The breathtaking blue of a bottle
on Meme’s Corner yesterday kindled a whole delicious
cascade of memories of another time. A windows-open sunny late afternoon in
a hot, close house, with the odors of recently fried fish, a cut lemon, a sweet
flurry of Coty face powder.
It’s my very favorite shade of
blue, for it's the color of the little pointy bottle of Evening in Paris with the small tassel, which the
neighbor girl (a senior when I was in first grade) let me dab behind my ears a
couple of times. The
bottle, scarce half-size of my
Mother’s fountain pen, was quite
the most covetable, incongruously luminous thing in that dumpy little house.
She lived in a small room off the
little hall, in a most unusual house. Her Daddy was a retired railroad
foreman, and he’d taken two boxcars, set them on those lacking-a-point concrete
pyramids which formed the supports for so many of the small houses in every
town I knew, and made a kitchen/dining
room/living room down one side, and three bedrooms and a bath down the other,
with windows cut and framed and glassed, and no doors on any of the inside
rooms but the bath. They’d
put a sort of peaky roof on the thing, and the roof and entire structure were
covered in that sandy, several-shades-of-brown fake brick stuff with the
texture of a super-coarse emery board.
The only other item of furniture in the room
was a dresser---one that I longed to duplicate, for it was immensely beautiful to my girly-girl heart. My own room had a bedroom “suit”

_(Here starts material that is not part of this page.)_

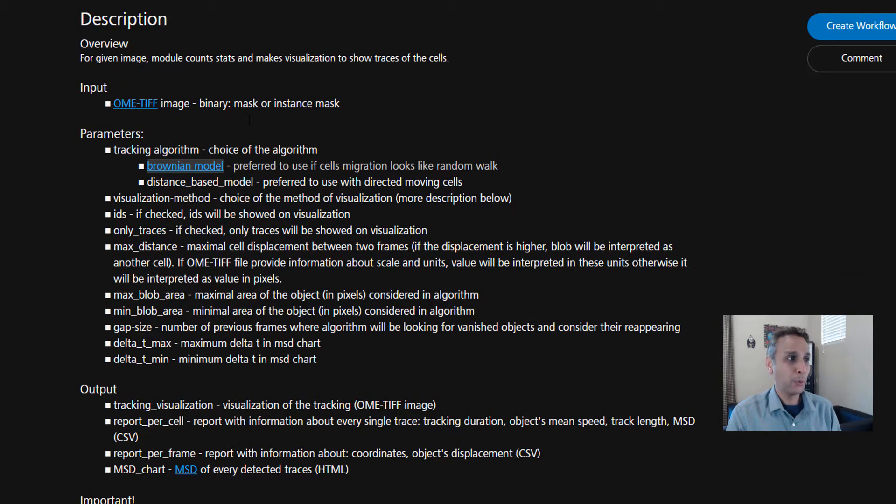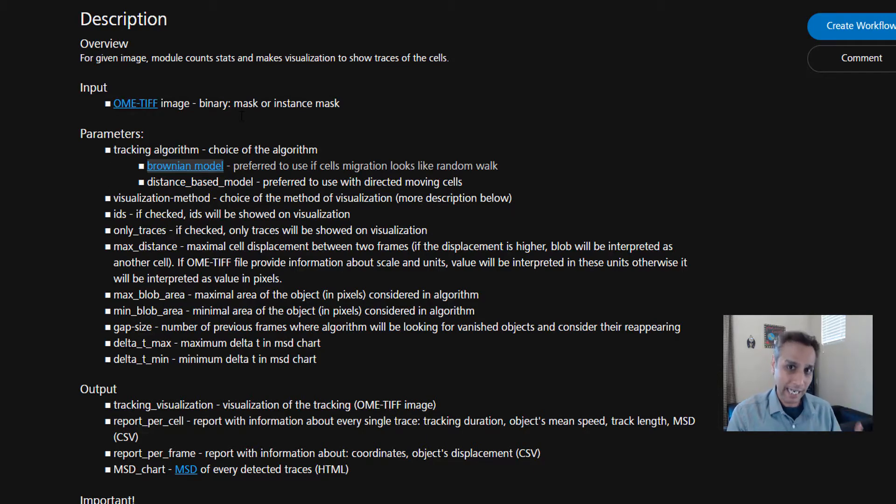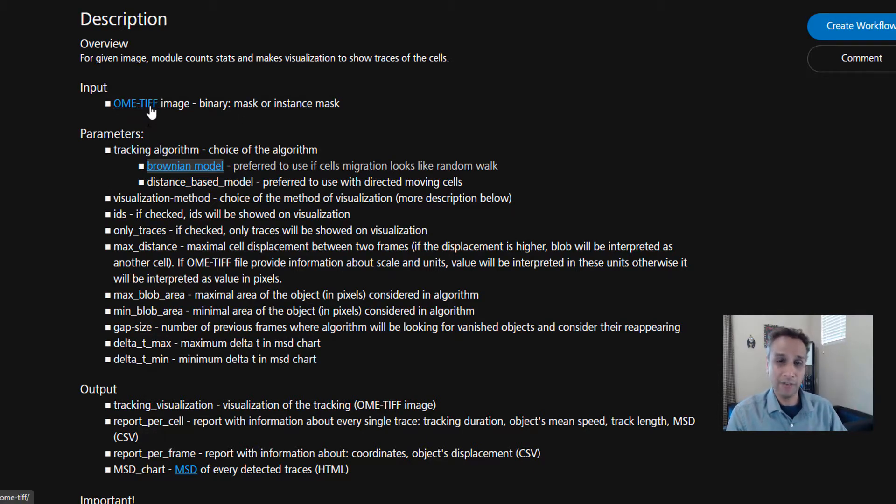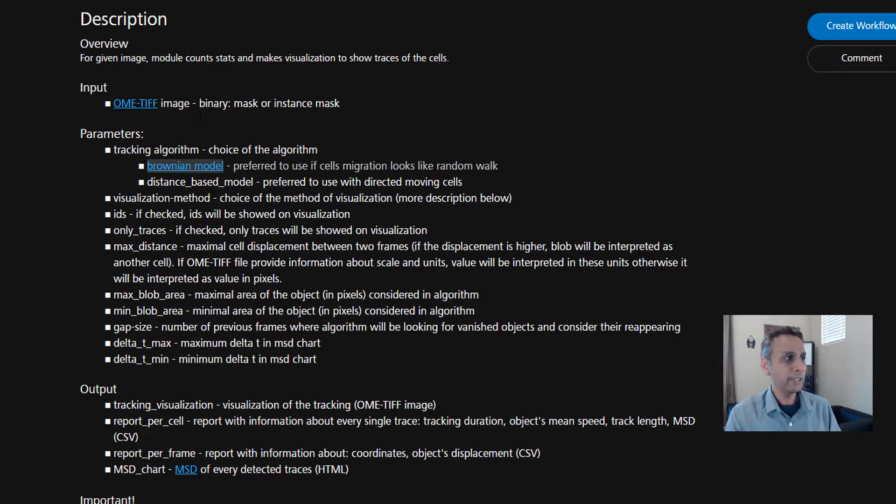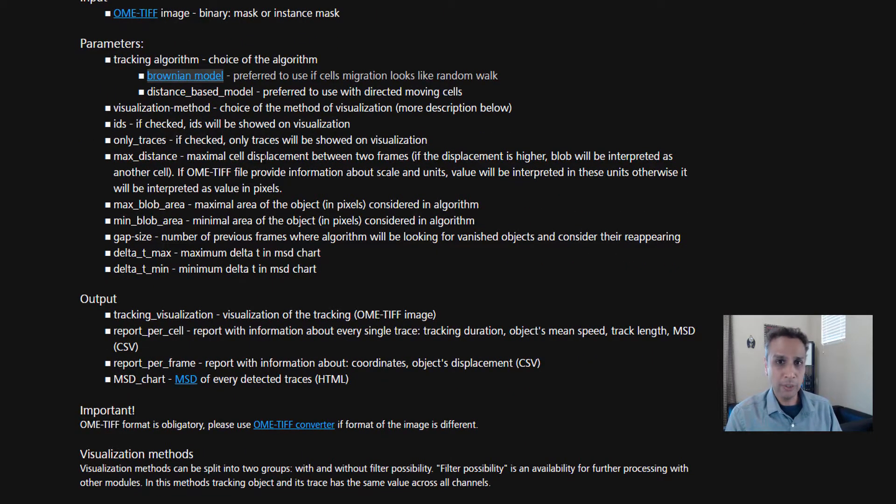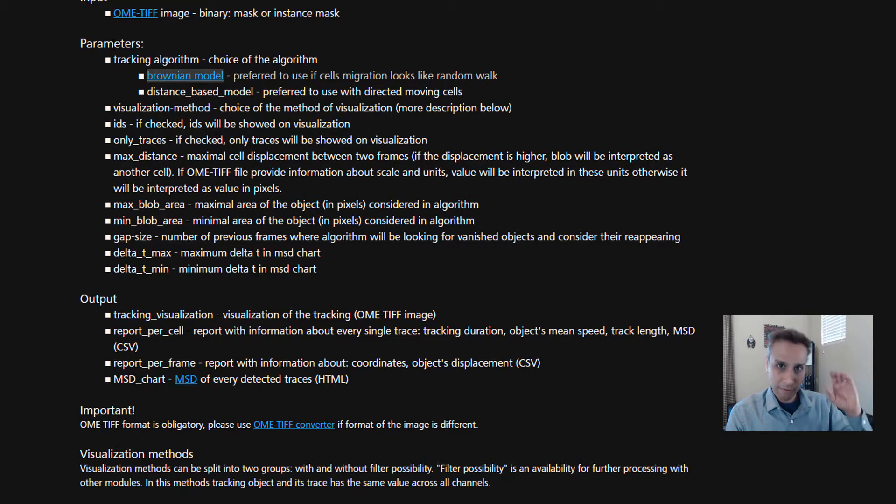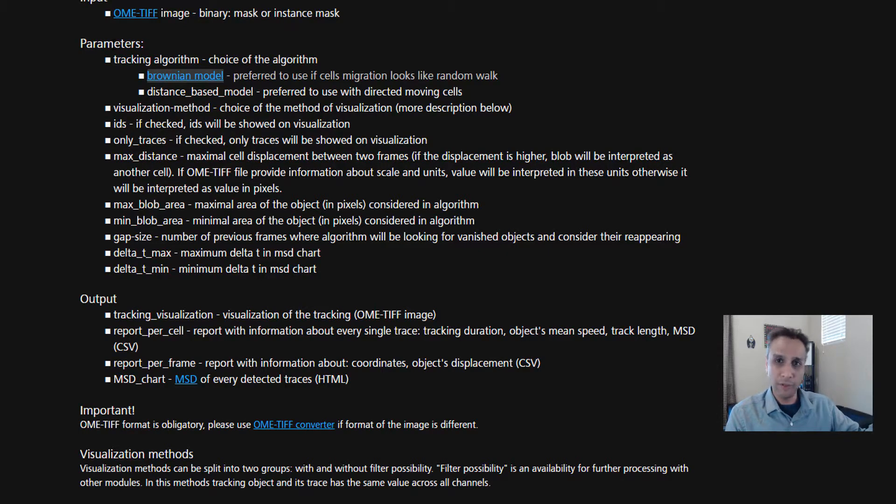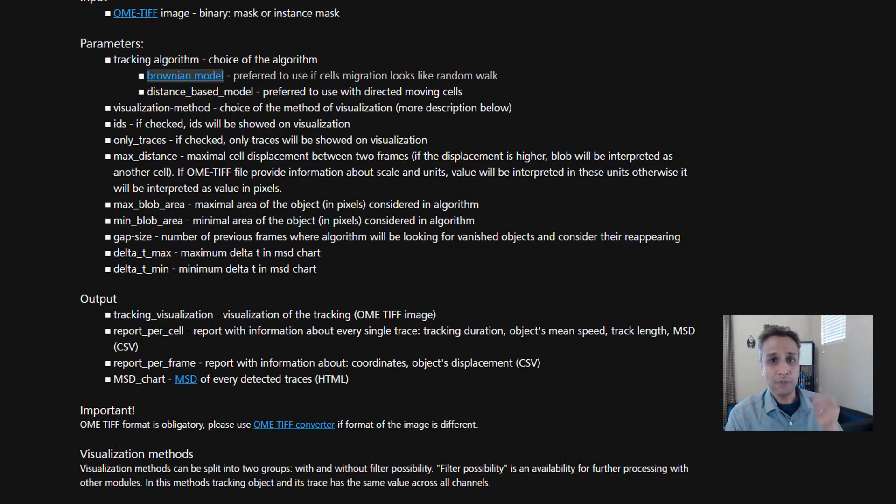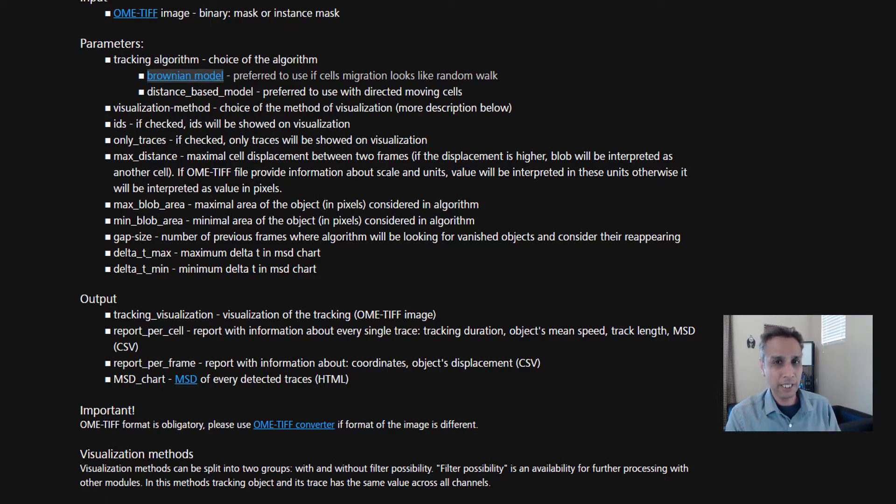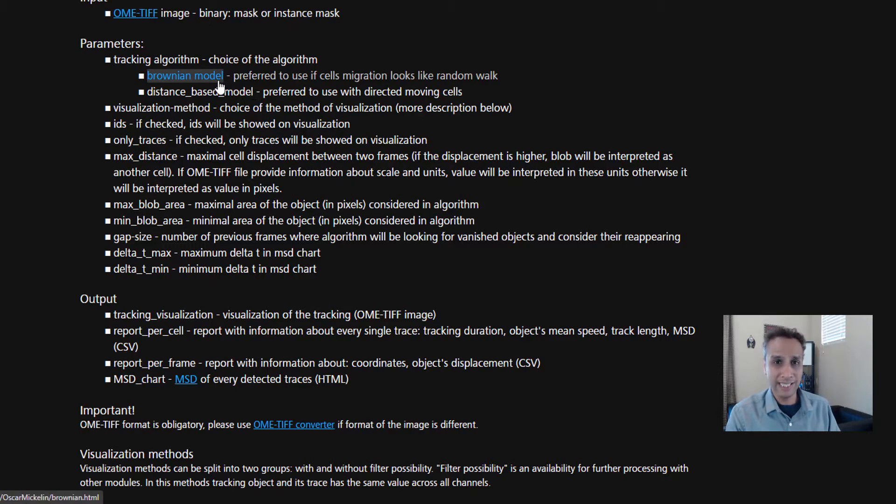Let's click on the first one that says blob tracking. This is the one that helps us track the segmented objects. My input file, which is in CZI format right now, needs to be converted to OME TIFF file format. We have an OME TIFF converter that we're going to use to do the conversion. When it comes to parameters, each module allows you to adjust parameters. Here, for the tracking algorithm, you have a choice of two: Brownian motion and distance-based.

consisting of bed (the one I later took a saw to and shortened the posts),
chest of drawers, and dresser in that old thirties style of the big mirror set
between two little wings, with a center shelf thing that allowed no foot or
knee room to sit close to the mirror.
Helen had made her own dresser, of a wooden
box on its side, opening facing out for knee room and access to shelves, with a
curvy piece of plywood (also cut by her with her Uncle Booster’s
hand-saw). She’d taken the satin and net of her Aunt
Maude's big pink evening-dress skirt from her Eastern Star Installation,
and tacked it somehow around front and sides of the curve of plywood to
form a lovely dresser-skirt.
I’m sure the vision in that country-girl’s
heart was possibly straight from this:
which caused her to tackle hammer
and nails and make herself just One Beautiful Thing in that cramped gingham
room. Her small homemade version shone in such dull quarters,
and a seat on the bed was the only access to the table.
How I loved those
words---Dresser-Skirt. I yearned for the wonderful crackly
pink cloud to cover my own old
brown dresser, and also mightily wanted some of the ribbon and tulle from the
couple of dozen dried corsages festooned around her bulletin board with
pearl-beaded pins.
I was
surprised when I googled "permanent of the fifties" and got this old
magazine ad. I'd noticed back then that she looked so much like
Virginia Mayo, but this---this is Helen to the life, right down to the
forehead wave, eyebrow arch and perfectly-blotted lipstick. Exactly
as I remember her.
She'd let me watch her get ready
for a date---pulling on her stockings with the little snub of the rubber clips
on her garter-belt, putting on her lipstick, smoothing all around her mouth with
her little finger and a blot of toilet paper, and THEN the opening of that
fragrant padded box where the "perfume" lived.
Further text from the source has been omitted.